JACKSON – The Mississippi State Department of Health (MSDH) announces the limited availability of the 2009 H1N1 (swine flu) vaccine at all county health department clinics. So far, 223,800 doses have been allocated to Mississippi.
Of those doses, 146,000 are injectable vaccine and 77,800 are nasal mist vaccine. The first injectable vaccine doses at the county clinics will be available for those in the following priority groups: pregnant women; children six months through four years of age; and parents, siblings, caregivers and anyone else living in the house with an infant under six months of age. These groups are at the highest risk for complications from influenza. The vaccine is free at all county health departments.
“Mississippians have proven to be very gracious in times of limited vaccine availability,” said MSDH State Epidemiologist Dr. Mary Currier. “We ask everyone to remain patient as those with the highest risk of complications receive their vaccinations first. We’re receiving additional doses each week, and we expect the vaccine will be available for everyone once the priority groups have been vaccinated.”
Next week, MSDH will also begin mass vaccinations for students at various schools throughout the state. The school vaccinations of the nearly 500,000 school-aged children in Mississippians will take several weeks to complete.
“Just like the rest of the country, Mississippi is receiving limited shipments of the vaccine based on the population of our state,” said Dr. Currier. “Decisions are being made after each shipment arrives about how to reach those who are at the highest risk for complications and need the vaccine first.”

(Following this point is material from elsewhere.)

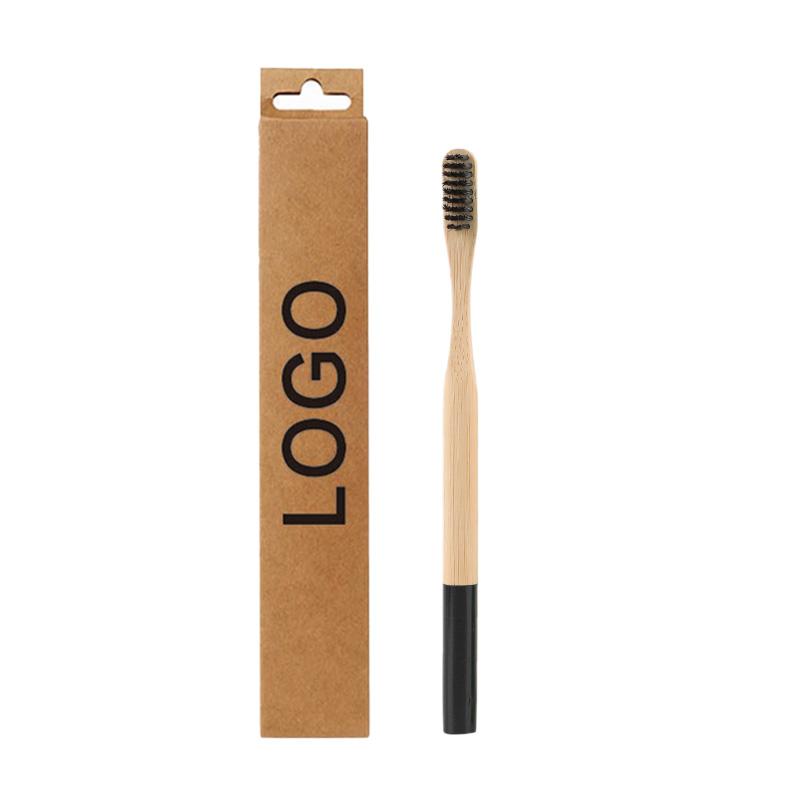 Ready Stock and Customization Eco Biodegradable Kraft Euro Slot Box Color Painted Round Handle Adult Soft Bamboo Toothbrush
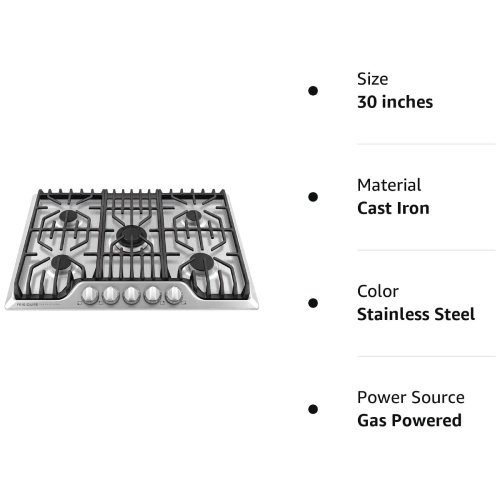 Frigidaire FPGC3077RS Professional 30" 5-Burner Gas Cooktop, Stainless Steel (Good) - F612 - Image 9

For those not in the high priority groups, Dr. Currier recommends getting your seasonal flu shot to protect yourself from seasonal influenza in the meantime. Also, continue using basic prevention methods including washing your hands frequently or using an alcohol-based hand sanitizer, coughing or sneezing into your sleeve, or coughing into a tissue followed by hand washing, and avoiding close contact with those who are sick. If you are ill, stay home until you are well, unless you need to see a doctor, in which case call first to prevent possible transmission in the doctor’s waiting area.